■ **PROVIDED MATERIAL**

──────────

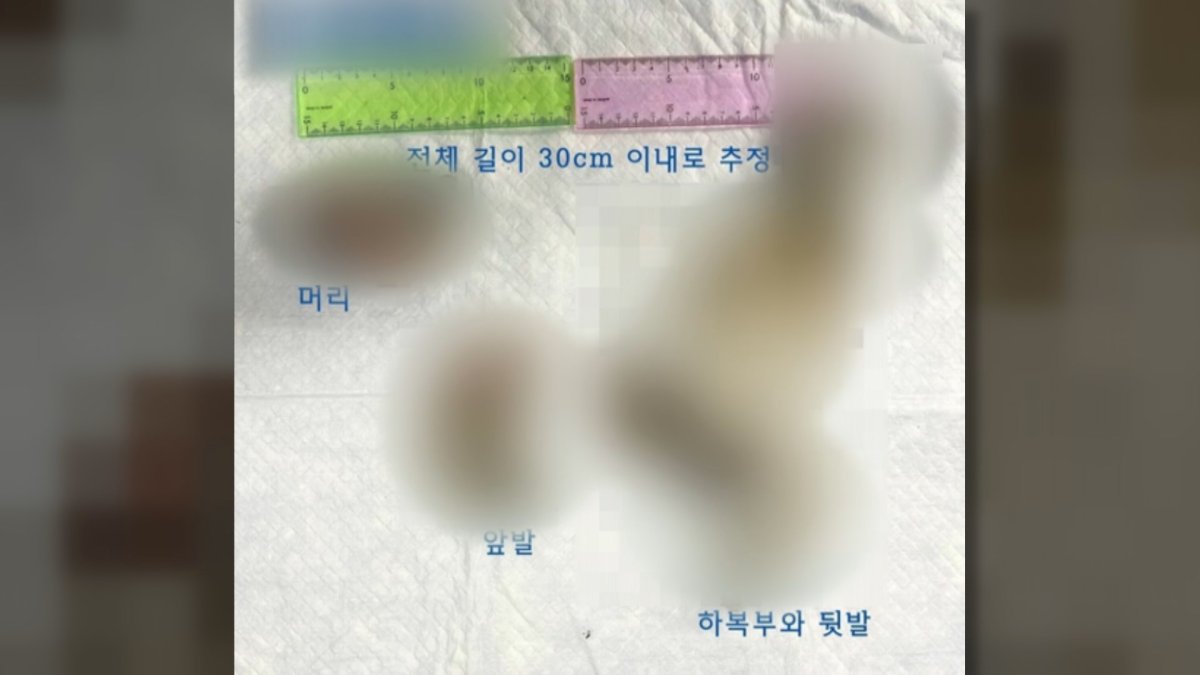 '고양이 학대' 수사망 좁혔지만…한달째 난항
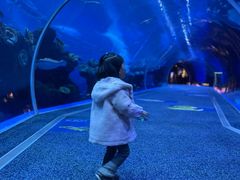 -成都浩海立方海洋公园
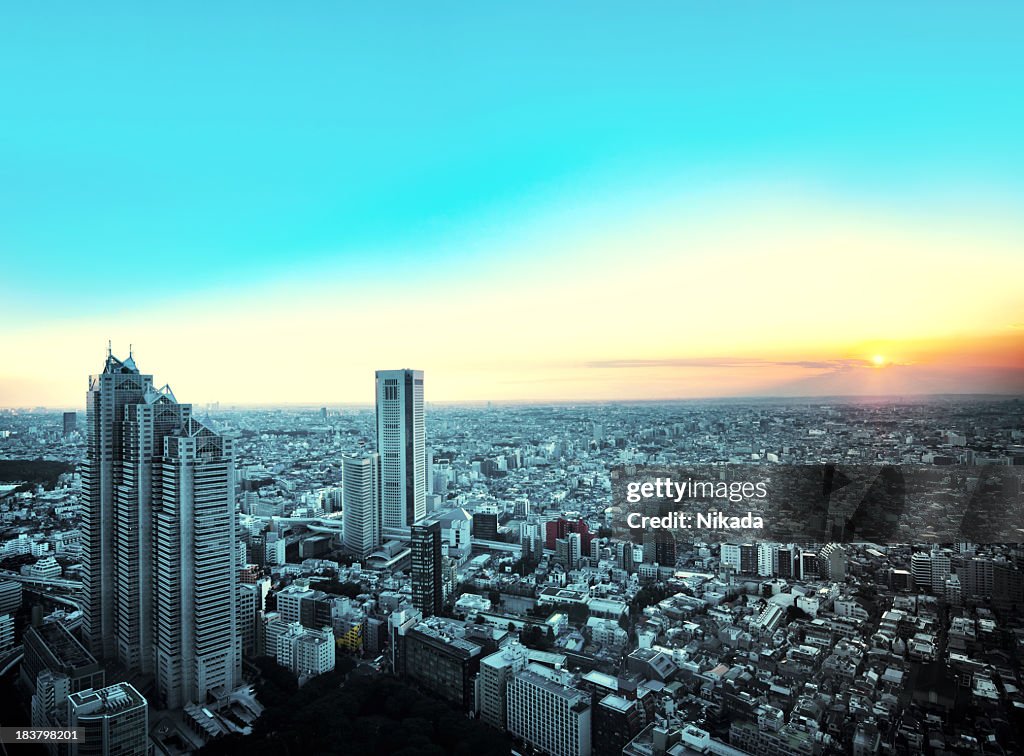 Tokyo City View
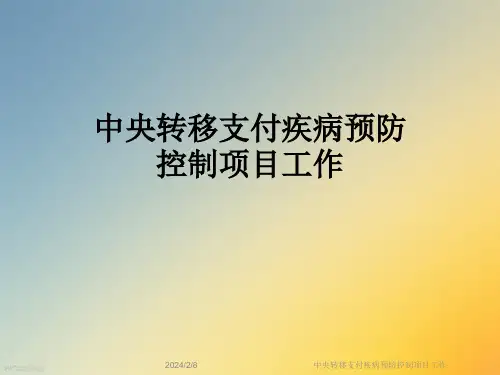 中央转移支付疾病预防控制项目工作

──────────

■ **WORK ITEM**
Retype the whole listing. Keep every word exact but include no pictures.

■ **SOLUTION FOR THIS TASK**
 '고양이 학대' 수사망 좁혔지만…한달째 난항
 -成都浩海立方海洋公园
 Tokyo City View
 中央转移支付疾病预防控制项目工作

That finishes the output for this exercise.